Effectiveness and Efficiencies: How can you transform your business processes as you navigate the digital and physical worlds? What new opportunities for innovation and growth does the vanishing point present? Are their new value propositions? Are there new competitive moments or breakthrough points? What new efficiencies await your company as you move to the vanishing point?

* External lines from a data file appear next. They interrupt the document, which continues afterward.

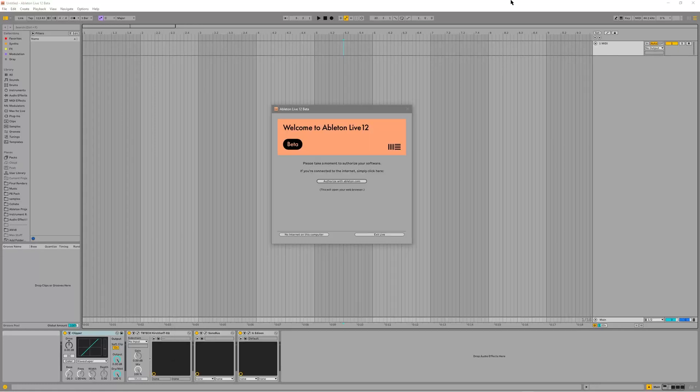Hey guys, welcome to my Ableton Live 12 beta review.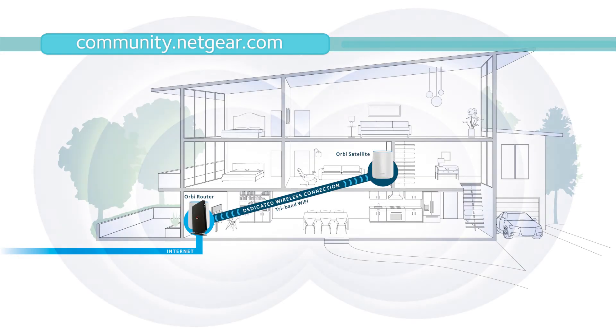For more help with your Orbi Wi-Fi system, visit community.netgear.com.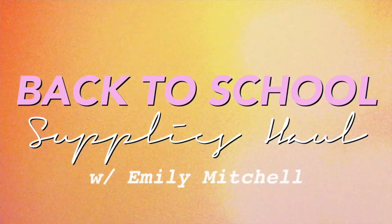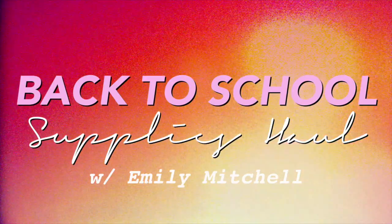Hey guys, so today I'm gonna be doing my back-to-school supplies haul because unfortunately school's in a week. I'm just going to show you guys the supplies I got for the upcoming school year. If you guys didn't know, I'm going to be a senior in high school next year, which kind of makes me want to throw up a little bit, but I'm also very excited. I do have a lot of school supplies but it's pretty much almost the same thing as last year — I'm reusing a lot of things, but I'm still going to show you guys to give you an idea of what I use and some tips. So let's just go ahead and get into the video.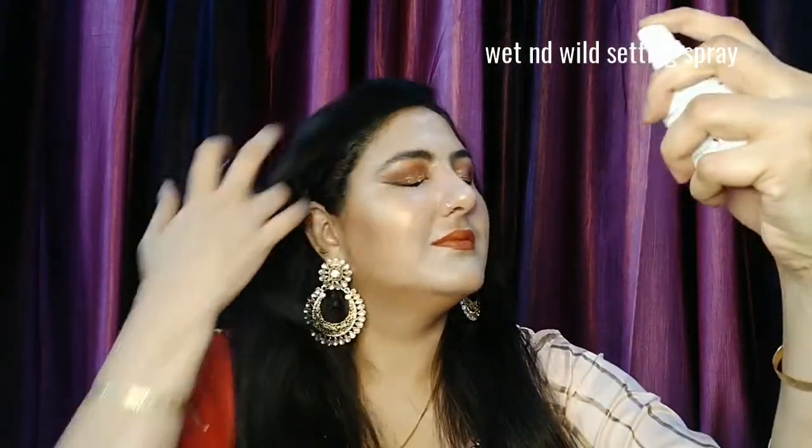Now I am using Wet n Wild Photo Focus Mini Natural Makeup Fixer. I did a full review of this in my last video, so you can check that video out for more details.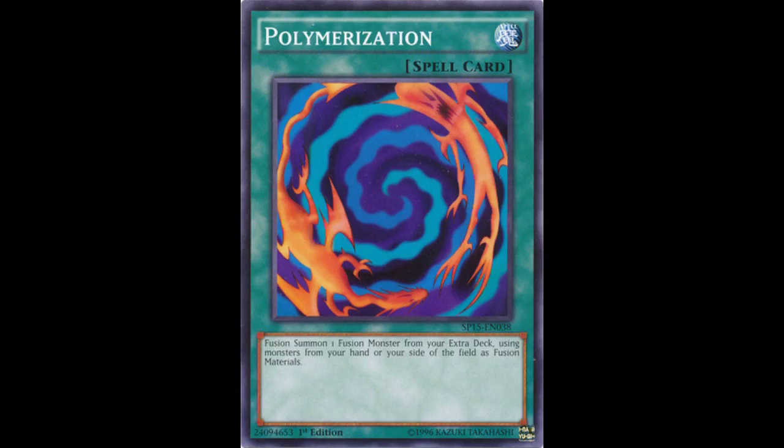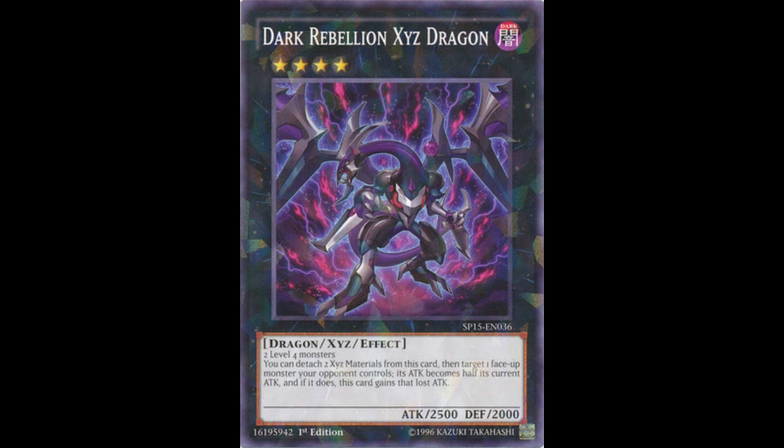Some of the not-so-good points about this set mainly focus on Pendulum monsters — that would be my major one, as I personally don't use Pendulum monsters. Also, there isn't really any distinction between the Shutterfoils and the Commons; the Shutterfoils are just Shutterfoil versions of the Commons, which I thought was a bit of a disappointment. I thought the Shutterfoils would be different cards entirely. And while I said there is a huge variety, it does seem to focus heavily around Pendulum monsters, which again for me isn't very appealing.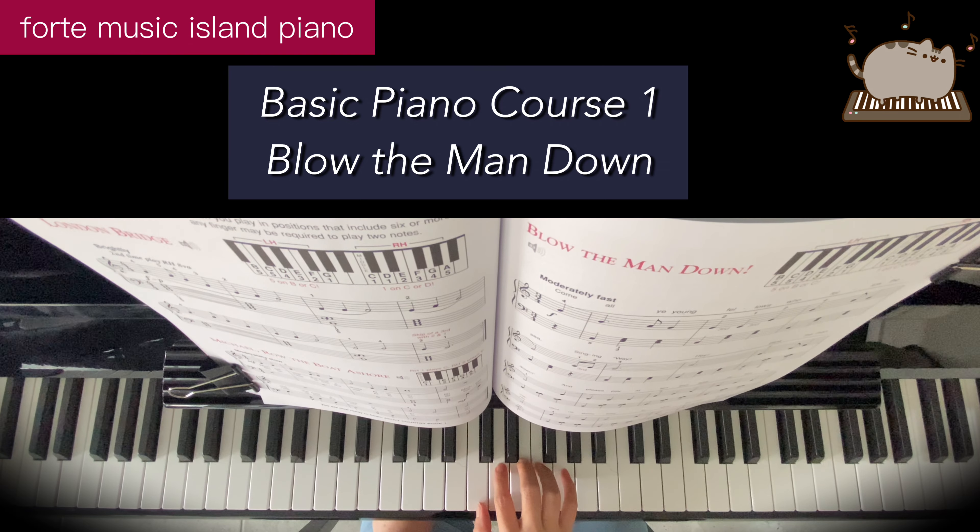So the right hand, this is your regular C position: C, D, E, F, G.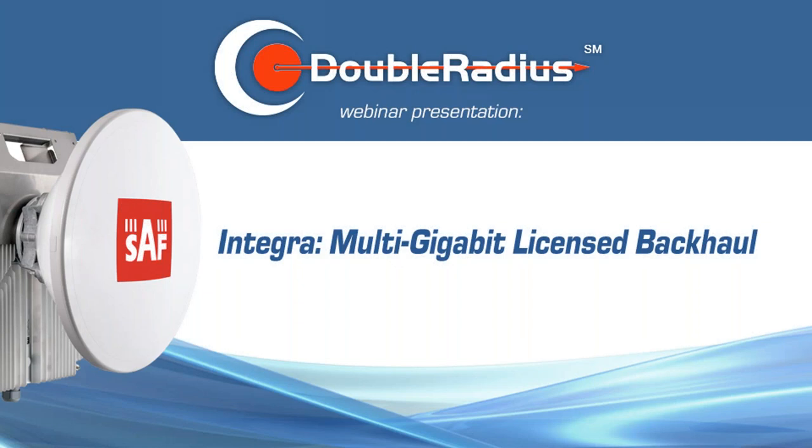Welcome everyone and thanks for joining Double Radius as we host SAF for today's webinar on Integra Multi-Gigabit Licensed Backhaul. Our two speakers today from SAF are Jeff Wade, who is the Sales Manager for ISPs, and Tatiana Dunst, who is the Technical Services Director.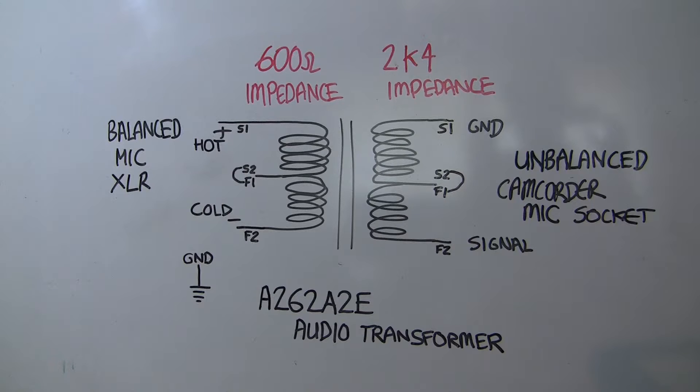So why not use these transformers for our initial tests? Because the two sets of windings are electrically isolated from each other, it should allow us to connect our stereo mic signals to our input in relative safety.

Risks and Risk Minimization: Experiment, test and don’t forget the bumps in the road. Some see further digital intrusions as invasive, creepy, unsafe, or simply a nightmare with too much information and complexity (see Maura Judkis, Washington Post’s piece “Google Project Glass: Cool or creepy?”). No doubt the debate will intensify. Thinking and understanding the role of context is critical for de-risking strategies and tactics as we move to the vanishing point. As we’ve seen with texting and making calls while driving – some contexts don’t make sense. You don’t want blowback on your brand, adverse commentary or worse, adverse events.
Can Google get it right? Their video looks promising. Time will tell. But if Google gets it right it will also get to write a new chapter, perhaps initiating a post-smartphone movement toward the vanishing point.
Already the competition is intense. Apple too is working on wearable computing. What does it mean for your strategy and operations? How will you compete and thrive on the way to the vanishing point?